Le quart d'heure du professeur Sigmund(qui est juif) :
- Alors voilà Sisi, j'ai rêvé que j'étais irlandais, en tout cas roux, et que j'étais avec mes potes(deux bruns, un la peau, l'autre les cheveux) et y'a un gros type qui voulait nous tuer, mais bizarrement à chaque fois que je pensais qu'il allait me tuer en fait il me prenait juste dans ses bras et il ne me faisait rien( un peu comme mon père une fois à la piscine de Liancourt )( restez sur les hamacs, lits en cours ) et donc la dernière fois je m'en foutais je me suis laissé faire et il m'a porté avec une force étonnante jusqu'à une espèce d'arbre dont la cime était faite d'un bout d'autocar arraché, et tous les trois( les bruns et moi ), on est monté dedans par une petite fenêtre en quittant l'épaule du mastodonte( qui gardait de par son apparence indéfinissable, une allure suspecte ) et là parce que je suis un mélomane et que j'aime les fins de film classes on entend le " Hey Jude " des Beatles et tout semble s'ensoleiller (c'est là que j'ai découvert que j'étais roux) quand soudain dans un intense fracas au moins, l'arbre se penche puis décroche et nous finissons tous écrasé super vite comme des vulgaires esclaves de la pesanteur, et donc vu que je meurs ben c'est chiant parce que quand tu meurs dans un rêve tu sais pas si t'es mort vraiment donc pendant une demi-seconde alors que ton pauvre coeur pendouille je ne sais où tu te dis " C'est pas possible, j'ai pas pu mourir en tombant d'un arbre dont la pointe était en fait un tronçon d'autobus(j'ai modifié un peu pour éviter la redondance mais ça se voit non?) " et une demi-seconde plus tard tu dis que c'est peu plausible pour le moment dans ton existence et donc que t'es vivant donc t'es un peu content, bref c'est la fin de mon rêve.

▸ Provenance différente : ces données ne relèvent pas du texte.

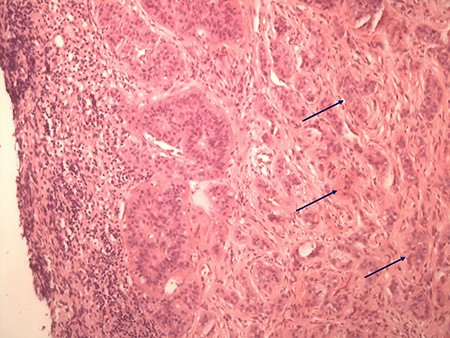 Typical histologic appearance of a well-differentiated neuroendocrine tumour of small bowel (right side, arrows), compared with unaffected ileum (left half of image) on haematoxylin & eosin staining (original magnification ×10).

Attendant une réaction de la part du professeur, je ne trouve finalement qu'une drôle de pancarte sur laquelle était inscrite cette phrase :
" Le professeur est parti pisser " (je vous avais prévenu qu'il était juif)
Petite leçon de syntaxe poétique :
Dans des causeries sur les obélisques et les coiffes de myrtille
=
Dans des discussions salaces sur la taille de nos queux et les chattes de nos femmes.
=
Dans des entretiens libertins sur la fatuité des sceptres et l'humidité violette des entrejambes.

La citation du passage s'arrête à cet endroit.